Die Irritation des nahen Krieges

Uns irritiert das nahe Leid. Doch gab es dieses Leid nicht immer schon, ob im Jemen, ob in Äthiopien? Haben wir es nur besser von uns fernhalten können? Haben wir gedacht, dass ist eben eine andere Weltgegend? Eine Ausnahme in der deutschen Diskussion war Syrien. Hier reagierten viele in unserem Land ähnlich wie heute, mit viel Empathie. Der Krieg in der Ukraine geht aber noch darüber hinaus. Er ergreift uns mehr, weil der Krieg und seine Zerstörung unser Selbstverständnis trifft. Er erreicht uns in unserer Welt, in der wir uns eingerichtet haben

Das etwas träge Auenland Gefühl

Im Grunde haben wir im Deutschland der letzten Jahre ein Gefühl des „Auenlandes“ aufgebaut, eine glückliche Metapher des Psychologen Stephan Grünwald. Wir leben in einer Welt, die in den Grundzügen jetzt schon so ist, wie sie sein soll. Da draußen gibt es sicherlich noch eine andere, eine Rest-Welt. Doch die Zukunft der Welt ist durch unsere Gesellschaft repräsentiert. Sie steht für die modernen Errungenschaften der Menschheit, für Wissenschaft und Technik und auch für den freien Handel, der kontinuierlich Wohlstand erzeugt. Hinzu kommen die Freiheiten der Lebensführung, große kulturelle Ressourcen. Die meisten anderen Länder fallen dagegen ab, mit Bedauern sehen wir die Differenz und zugleich mit der Zuversicht, dass letztlich alles so werden wird wie es bei uns jetzt schon ist. Der Welthandel und der Austausch werden es schon richten.

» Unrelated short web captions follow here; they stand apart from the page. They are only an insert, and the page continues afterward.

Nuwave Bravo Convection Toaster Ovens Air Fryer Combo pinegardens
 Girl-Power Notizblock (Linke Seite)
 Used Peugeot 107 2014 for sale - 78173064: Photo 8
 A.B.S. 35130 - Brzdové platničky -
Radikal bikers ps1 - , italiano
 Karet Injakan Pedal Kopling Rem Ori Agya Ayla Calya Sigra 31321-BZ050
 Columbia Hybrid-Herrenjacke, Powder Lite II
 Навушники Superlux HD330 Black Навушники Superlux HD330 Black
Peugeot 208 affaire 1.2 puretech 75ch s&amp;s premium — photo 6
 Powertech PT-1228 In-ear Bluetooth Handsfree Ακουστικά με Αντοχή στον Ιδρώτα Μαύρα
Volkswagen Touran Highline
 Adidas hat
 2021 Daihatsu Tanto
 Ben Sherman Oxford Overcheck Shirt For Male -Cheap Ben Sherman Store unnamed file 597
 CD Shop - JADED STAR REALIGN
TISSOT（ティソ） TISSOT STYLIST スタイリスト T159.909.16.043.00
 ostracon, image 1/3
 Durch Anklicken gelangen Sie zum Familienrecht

Die offene Auseinandersetzung der Weltanschauungen

Doch nun der so nahe Krieg: Jetzt ist viel von Zeitenwende die Rede. Es kommt nun mächtig Bewegung in die Deutung der Welt. Solche Diskussionen waren in den letzten Jahren der Selbstgewissheit eher langweilig, irrelevant. Thomas Assheuer hat in DIE ZEIT einen großen Essay über unterschiedliche Weltdeutungen veröffentlicht. Seine Referenzautoren sind: Francis Fukuyama, Alexander Dugin, Zhao Tingyang. Sehr unterschiedliche Autoren: Francis Fukuyama war derjenige, der medienwirksam Anfang der 90er Jahre von einem liberalen Zeitalter, von dem Ende der Geschichte redete (und damit den Beginn des gerade skizzierten Zeitgeistes repräsentierte). Für den Liberalismus kämpft er auch heute: In einer neueren Veröffentlichung zeigt er aber mehr die Gefährdungen des Liberalismus auf, einerseits durch die neoliberale Wirtschaft andererseits durch postmoderne Strömungen. Alexander Dugin ist Vordenker des russischen Präsidenten und verbreitet faschistoide Gedanken mit seinen Reflexionen über die eurasische Kultur und die besondere Rolle Russlands. Zhao Tingyang wiederum gilt als Vordenker der chinesischen Führung. Sein Ansatz wurzelt in der chinesischen Geschichte, er erhebt die vorkaiserliche Zhou Dynastie zu einem leuchtenden Vorbild. Den beiden Letztgenannten ist eigen, dass sie mit den Grundannahmen liberalen Denkens nicht viel anfangen können.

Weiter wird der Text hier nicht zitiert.